The secretary as confidential advisor has never had a place on organizational charts. The secretary’s purely functional role began to fragment with advances in telephone and computer technology and the copy machine. With the exception of Rosabeth Moss Kantor’s Men and Women of the Corporation (1977), which spends a chapter characterizing secretarial power as “patrimony,” organizational theory and management books from Douglas McGregor’s The Human Side of Enterprise (1960) onward ignore the role or, in the case of Robert Townsend’s Up the Organization (1970), argue for doing without staff altogether. Clerical tasks that could be replaced by automation should be replaced, in large organizations and small. The trend played out on television. While Perry Mason (1957-1966) was supported by Della Street and Joe Mannix (1967-75) by Peggy Fair, in 1974, The Rockford Files opened with an answering machine. Jim Rockford worked alone.
How much more productive would you be with a good secretary? Consider an executive earning $1.5 million per year. A secretary earning $120,000 who works for one executive alone needs to save that boss only 5 hours of a 60-hour work week (8% more productive) to make the numbers work. As Melba J. Duncan argued almost a decade ago in the Harvard Business Review, a good executive assistant will more than make up that deficit. The key tasks? Managing a schedule, triaging email, organizing files, overseeing workflow, and perhaps the most time-saving function of all: taking dictation (throw out those terrible voice apps). There are also the harder-to-define tasks, like maintaining a general sense of order during a stressful week or managing the little things that can chip away at an executive’s time and focus.
What does the secretary get out of this role? Does the job provide a real springboard for leadership, or is it fulfilling in and of itself? Both. For a young Michael Ovitz, founder of Creative Artists Agency, working as an assistant to a top executive at the William Morris agency in the 1960s, with unhindered access to the corporate files, the secretarial role was foundational for his future success.
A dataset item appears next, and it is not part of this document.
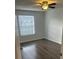 Bright bedroom with laminate flooring and window coverings at 11568 Westwood Blvd # 1034, Orlando, FL 32821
Like many in higher education leadership, I’m concerned about ChatGPT but I’m more concerned about student readiness, the decline of corporate training programs, and the general economic future for college graduates, particularly in the humanities. I wonder about the role colleges and universities could play in training students to practice skills that AI can’t deliver and that employers value—how to show up early, how to deliver bad news, how to give and accept criticism, how to deal with an office visitor the team leader does not want to see, how not to be flaky, how to organize files, how to handle confidential information, and most importantly, how to write and answer emails promptly, swiftly, briefly, and with tact. These skills cannot be automated, cannot be outsourced, and may provide a competitive edge to businesses that value them. The first step is to put the position on the org chart and value it.
The idea of posting a job ad for a “secretary” sounds comically old-fashioned, potentially embarrassing for both the employer and the applicant. A snappy new name—enterprise administrator, management apprentice, organizational attaché—would undoubtedly make the role more appealing. But to be the person literally entrusted with secrets seems fundamentally more accurate to the role.